Information provided:
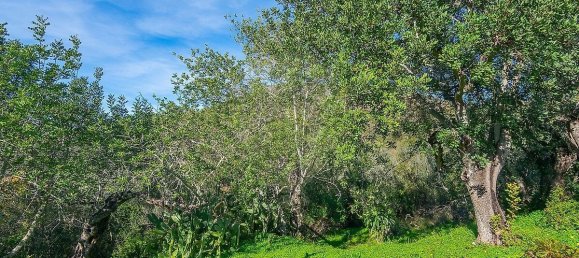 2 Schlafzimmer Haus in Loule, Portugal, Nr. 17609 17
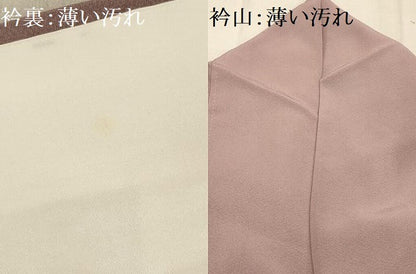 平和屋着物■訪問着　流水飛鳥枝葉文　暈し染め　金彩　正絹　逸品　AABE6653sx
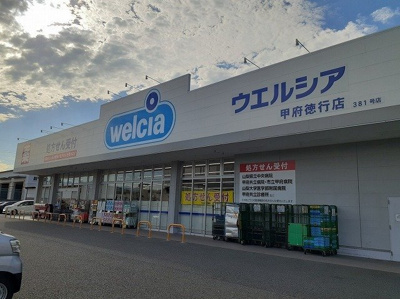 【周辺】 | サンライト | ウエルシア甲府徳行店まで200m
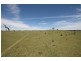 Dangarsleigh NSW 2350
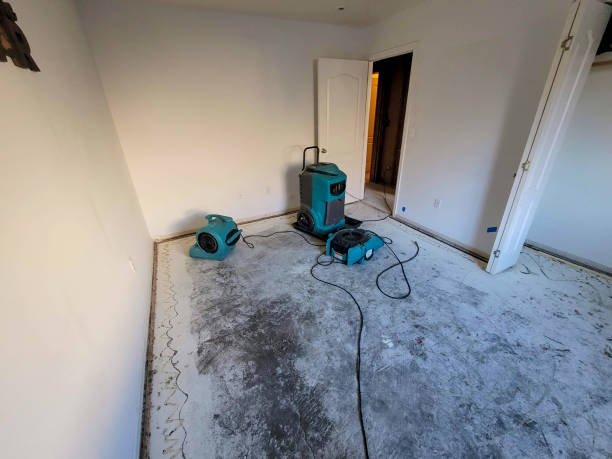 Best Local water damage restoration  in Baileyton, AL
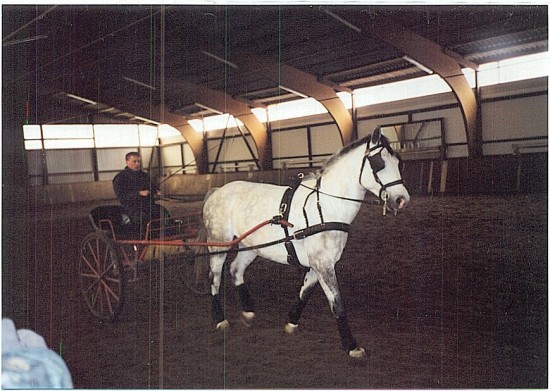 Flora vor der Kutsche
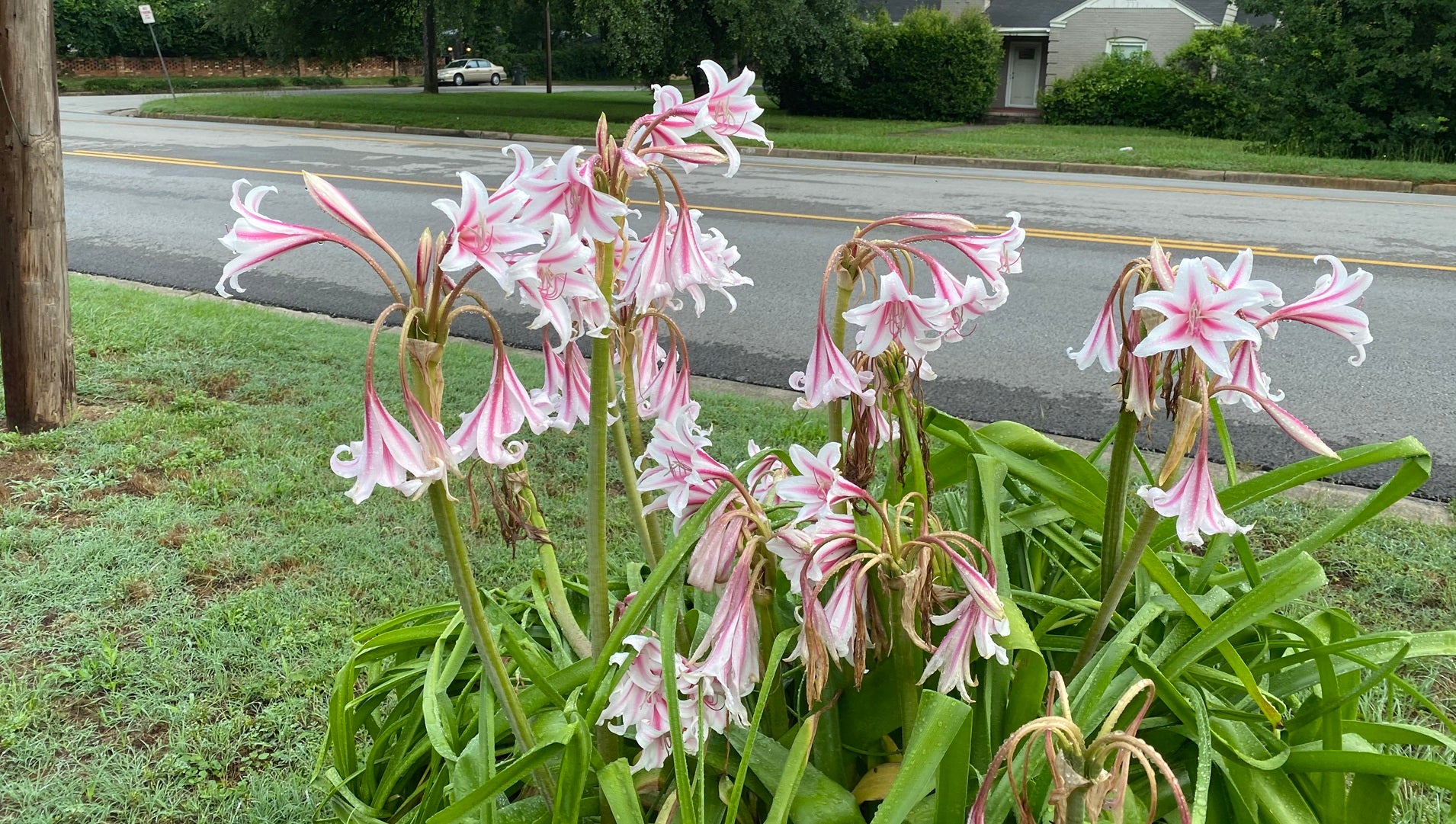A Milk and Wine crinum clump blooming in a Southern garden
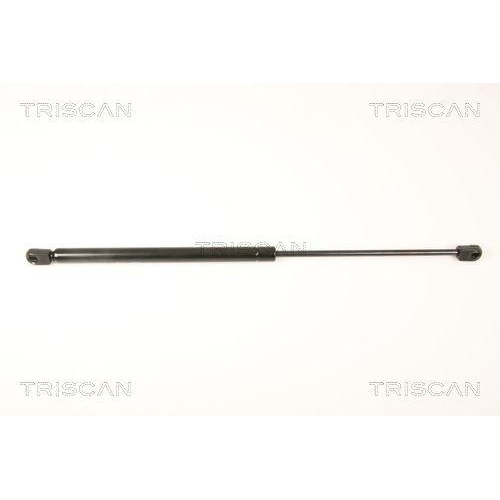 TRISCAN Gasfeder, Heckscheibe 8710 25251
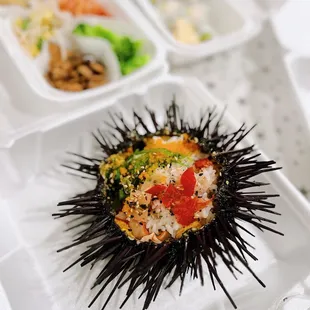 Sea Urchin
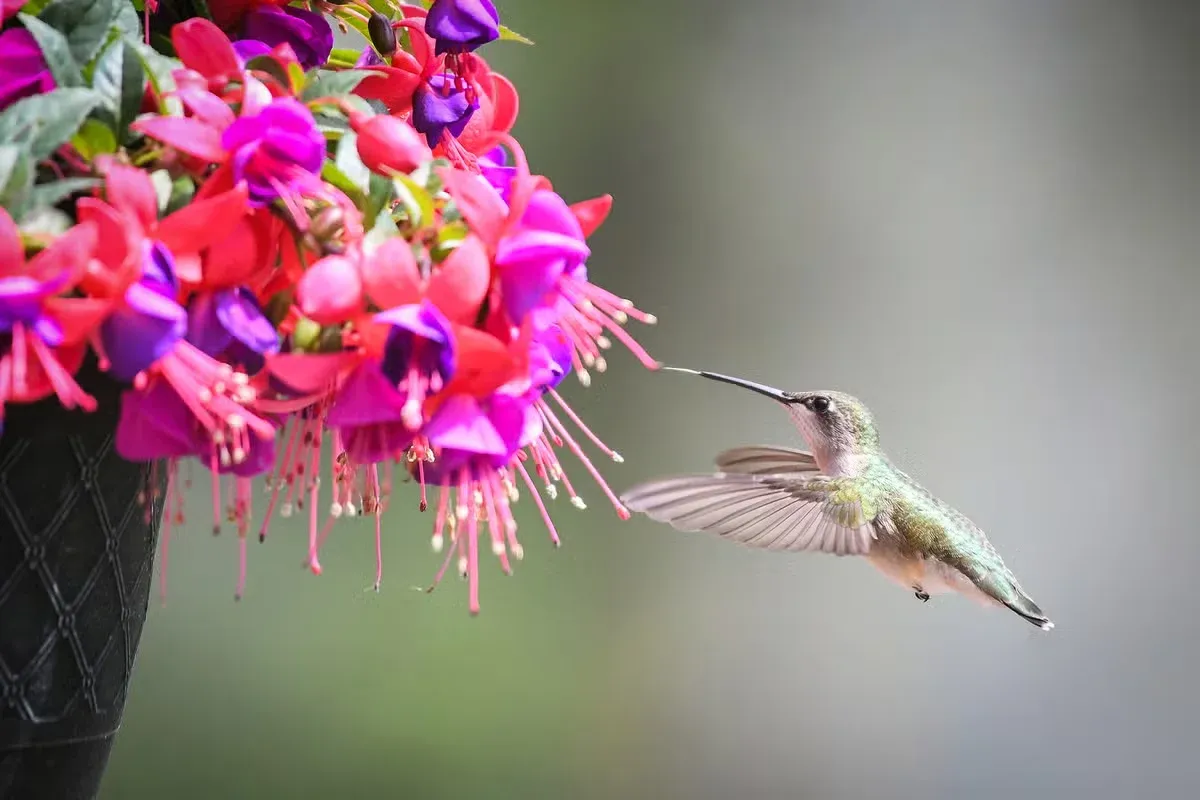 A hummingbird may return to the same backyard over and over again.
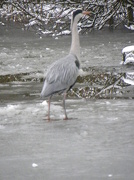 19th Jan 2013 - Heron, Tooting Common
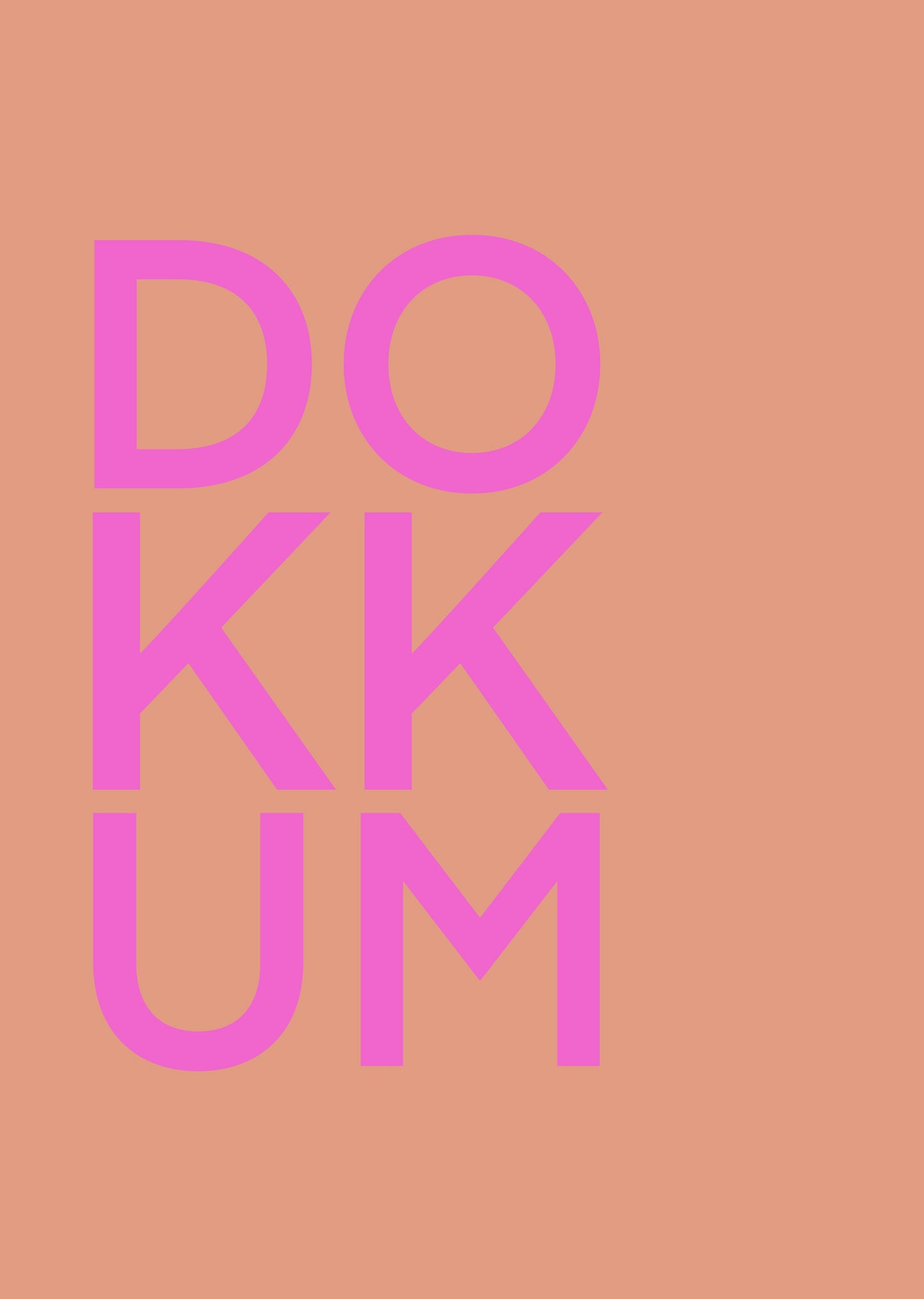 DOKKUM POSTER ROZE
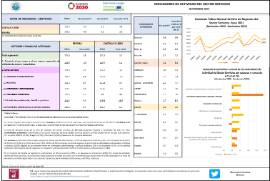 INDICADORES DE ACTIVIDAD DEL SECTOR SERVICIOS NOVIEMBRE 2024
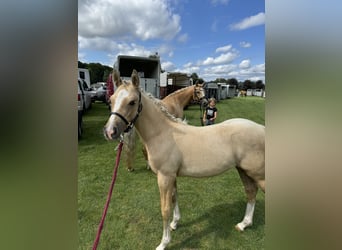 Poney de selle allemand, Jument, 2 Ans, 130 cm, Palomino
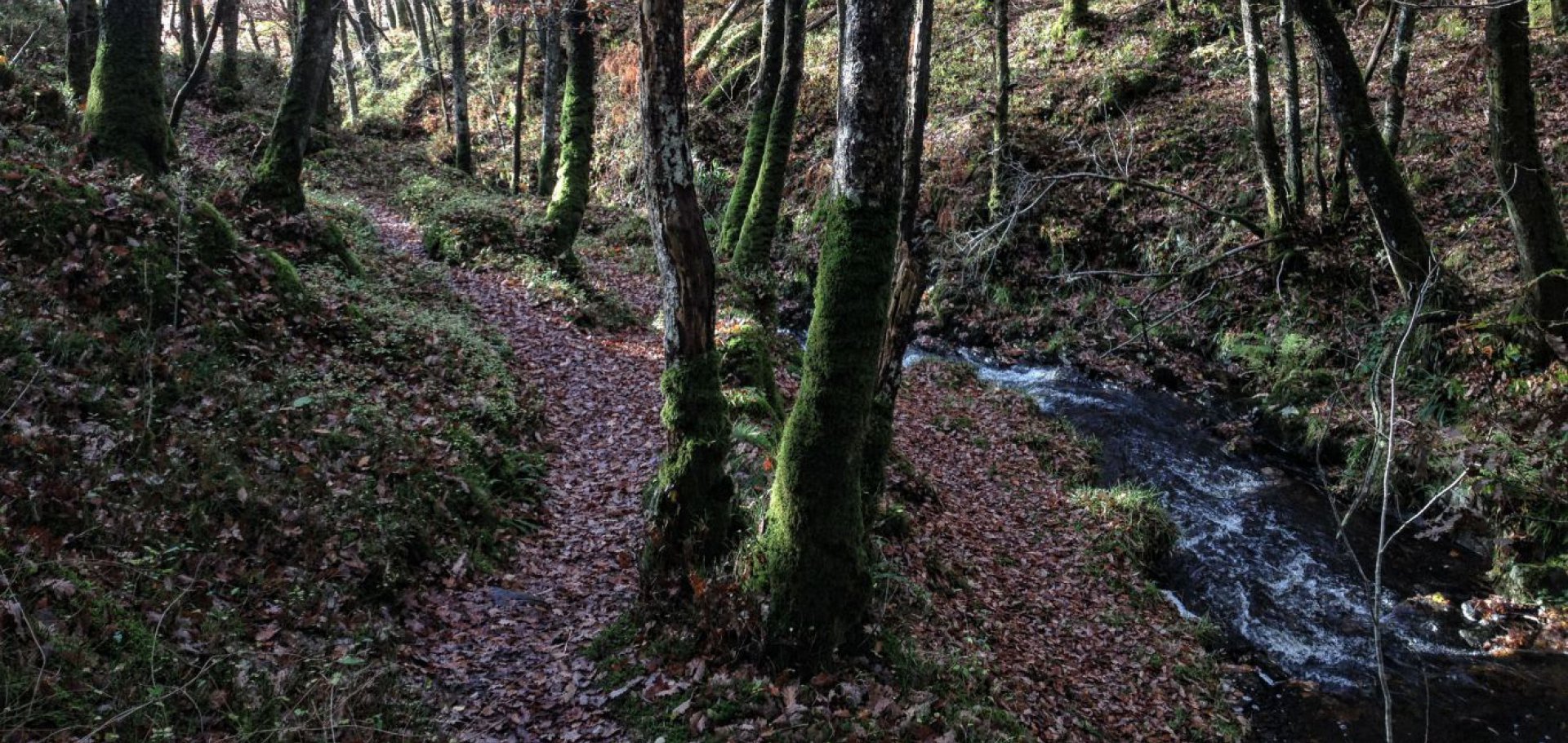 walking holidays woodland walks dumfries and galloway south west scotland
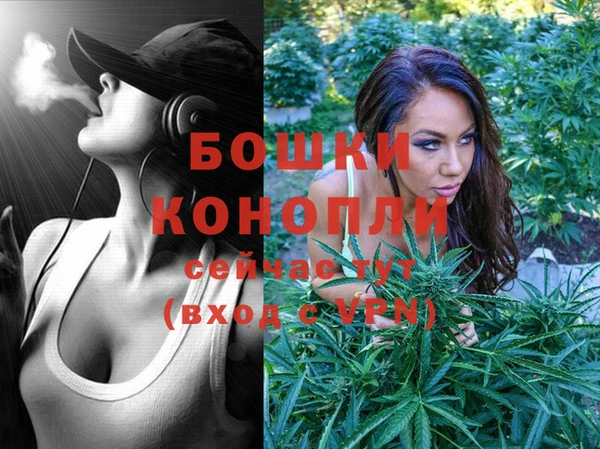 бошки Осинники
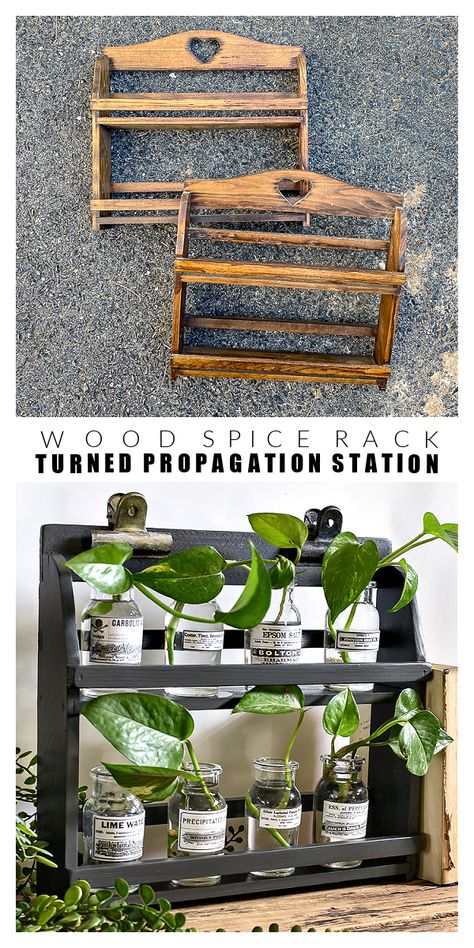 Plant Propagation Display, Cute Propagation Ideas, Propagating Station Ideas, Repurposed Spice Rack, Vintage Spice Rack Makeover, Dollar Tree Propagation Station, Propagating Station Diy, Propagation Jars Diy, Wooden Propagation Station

What the task asks: Copy the lines above exactly, starting at the one with "TRISCAN Gasfeder, Heckscheibe 8710 25251" and ending at the one with "Poney de selle", both included. Leave out any pictures and add nothing else.

Task response:
 TRISCAN Gasfeder, Heckscheibe 8710 25251
 Sea Urchin
 A hummingbird may return to the same backyard over and over again.
 19th Jan 2013 - Heron, Tooting Common
 DOKKUM POSTER ROZE
 INDICADORES DE ACTIVIDAD DEL SECTOR SERVICIOS NOVIEMBRE 2024
 Poney de selle allemand, Jument, 2 Ans, 130 cm, Palomino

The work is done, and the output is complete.